Is your affiliation with a Greek organization the best or the worst part of your law school application? It’s neither–it’s somewhere in between.
Law schools want well-rounded people. And there’s a lot of good that comes from being in a fraternity or sorority: friendship, networking, leadership, community service. But let’s face it, there are also some things that go on that law schools might not necessarily approve of. Some people leave Greek affiliation off of their law school applications, thinking it will make them appear frivolous or like a frequent partygoer. But, when mixed with a nice array of other activities, interests, and accomplishments, being a member of–and leader in–a Greek organization shows an ability to get along with others that makes for a great quality in a law school student and alumni.
When is membership in a fraternity or sorority a benefit to your application?
• When you’ve maintained a strong GPA while serving as a leader in your Greek organization;
• When you were a minority within the organization and brought cohesion to the group;
• When you helped improve the chapter somehow, either by raising the GPA as Scholarship Chair, or by starting a new philanthropic effort (that isn’t a party);
• When you became involved in the organization at the national level;
• When you have a story to tell that shows you were someone people came to for guidance, mentoring, or some other kind of help when they were in need, or that you brought together an organization at a time of in-fighting;
• When you were recognized for your achievements by the Greek System, the University you attended, your fellow brothers/sisters, or by the national organization.
When is membership in a fraternity or sorority a liability in your law school application?

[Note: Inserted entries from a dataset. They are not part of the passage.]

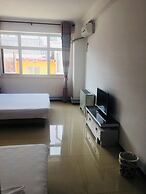 Beijing Xiuying Homestay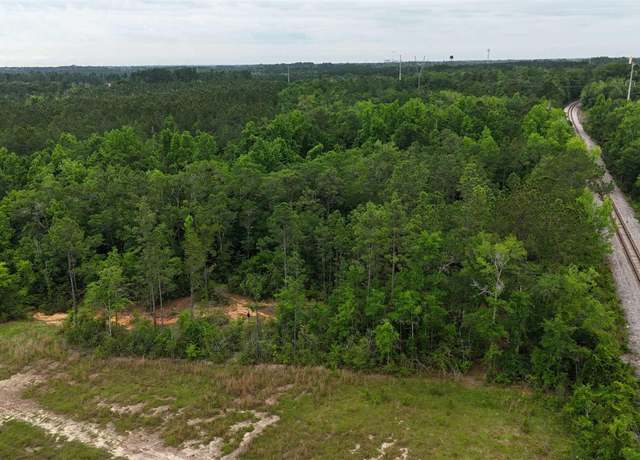 Property at S Chipper Rd, Cantonment, FL 32533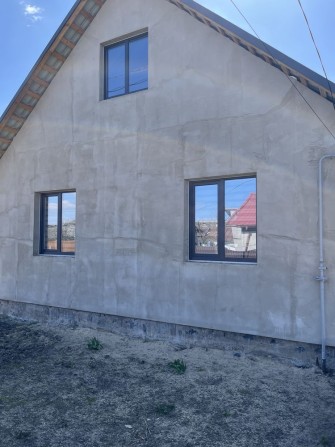 Продається будинок в Костополі - фото 1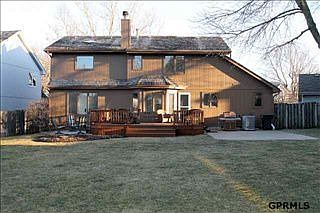 4th image of 14566 Nelsons Creek Dr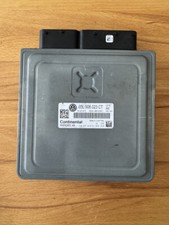 PCR2.1 Wegfahrsperre deaktivieren, IMMO OFF,Golf,Skoda,Seat, Audi. KEIN EMULATOR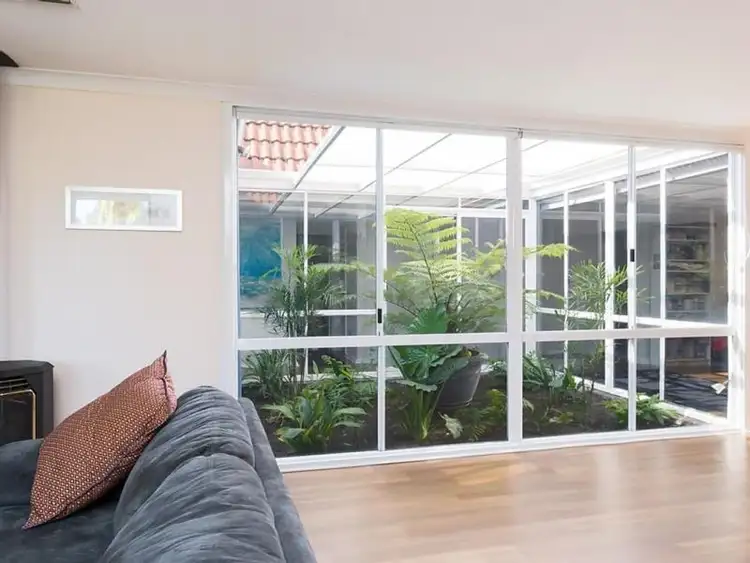 Fifth view of Homely house listing, 19 Debenham Way, Hillarys WA 6025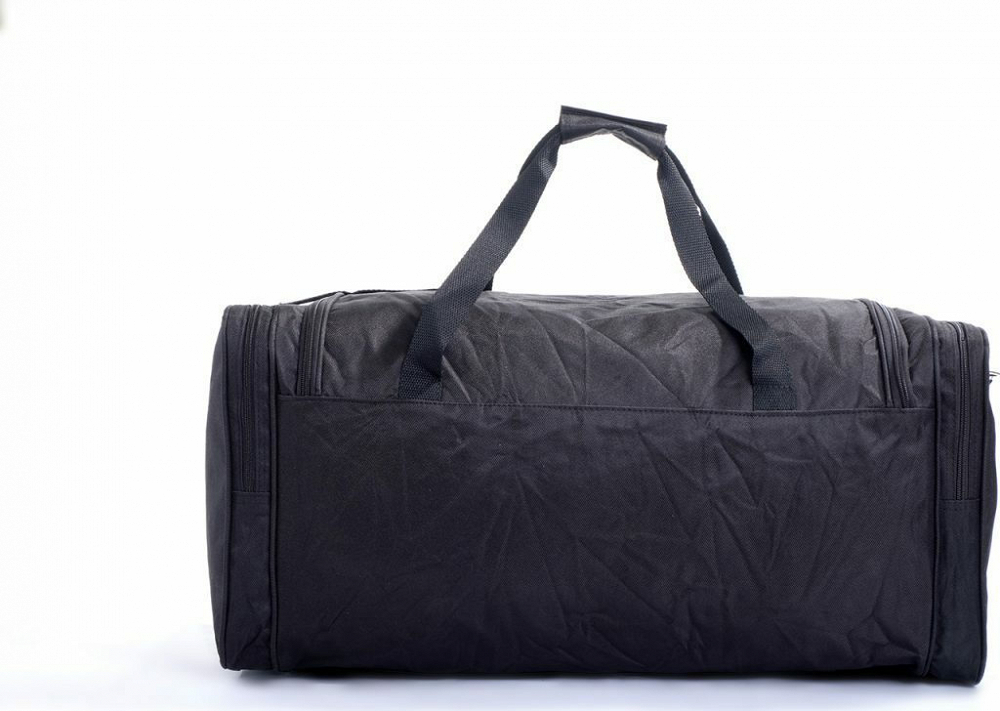 Σακ βουαγιάζ Cardinal 55cm 1300/401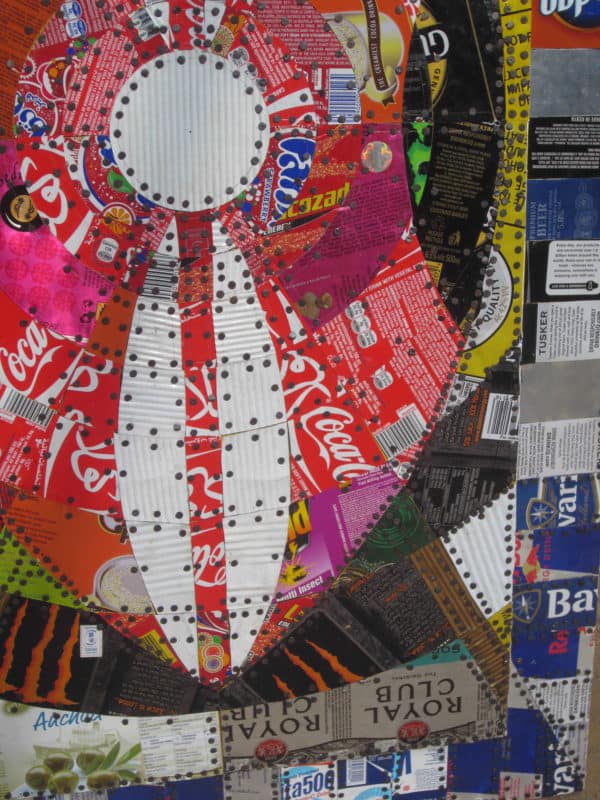 the-struggle-..beverage-cans-on-board-12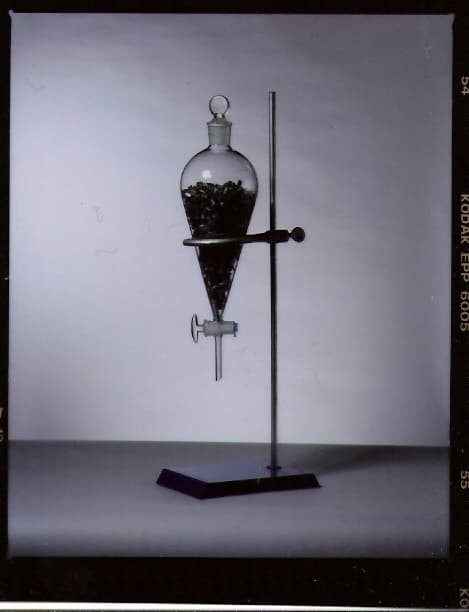 詩不詩 - 濾(詩集)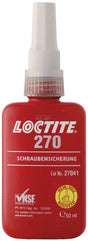 Schraubens. hochf. 270–50ml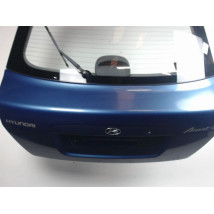 HAYON HYUNDAI ACCENT PH2 -01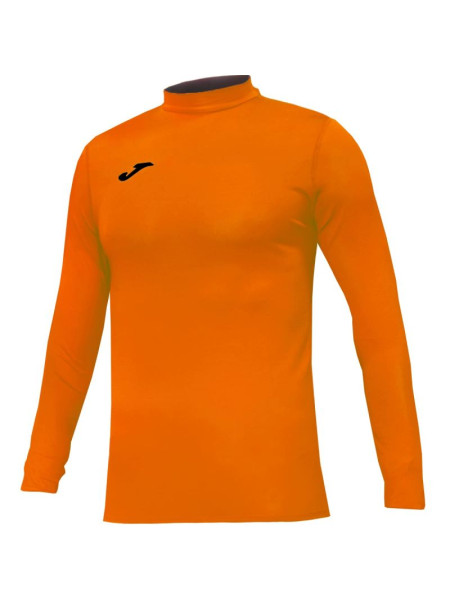 Joma Academy Brama T-shirt L/S 101018.880 (184914)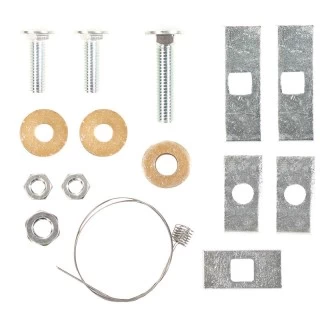 Custom Fit Trailer Hitch Draw-Bar w/ Pin/Clip Wiring Harness (Plug & Play) 1-7/8"Chrome Ball Installation Hardware Installation Instructions 771470 118427 3592 63810 Reese Trailer Tow Hitch 07-11 Honda CR-V Complete Package Wiring Draw Bar and 1- Reese Trailer Tow Hitch For 07-11 Honda CR-V Complete Package w/ Wiring Draw Bar and 1-7/8" Ball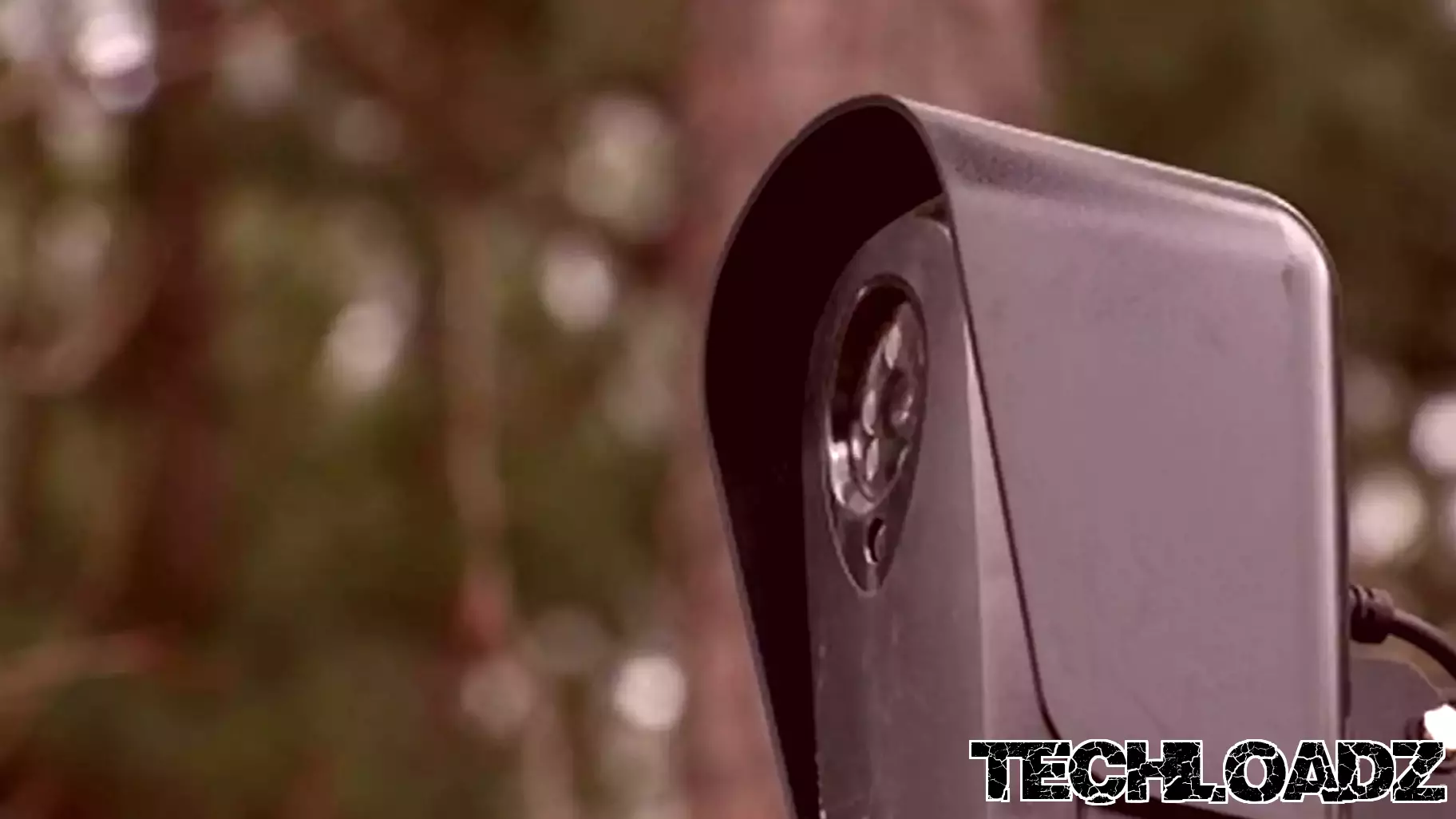 **Pittsboro Community Debates Privacy Implications of Surveillance Cameras**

• When it’s the only thing you’ve done and you never really distinguished yourself as a leader (simply helping with rush (even representing Panhellenic Council or the IFC) isn’t going to be considered a great position of leadership);
• When you were President (or Risk Management Chair) during a year when a scandal occurred that made national headlines and got your chapter kicked off campus (although, on the flip side, there’s probably a great learning experience you could share from this);
• When your dedication to your fraternity or sorority kept you from focusing on your grades;
• When you claim you were impoverished during school but you were somehow able to pay your dues;
• When you write your diversity statement about being with a diverse group of fraternity brothers (when you are not the one who brought diversity to the table).
If you have spent a great deal of your time in college involved in the Greek system, and you still have time left in your college career, try to round yourself out. You can even use your Greek involvements to do so: get involved in your philanthropy independently, or join the Panhellenic Judicial Board. However, it’s even better if you dedicate yourself to your studies, and even better if you also have other serious interests and pursuits you have dedicated yourself to during college.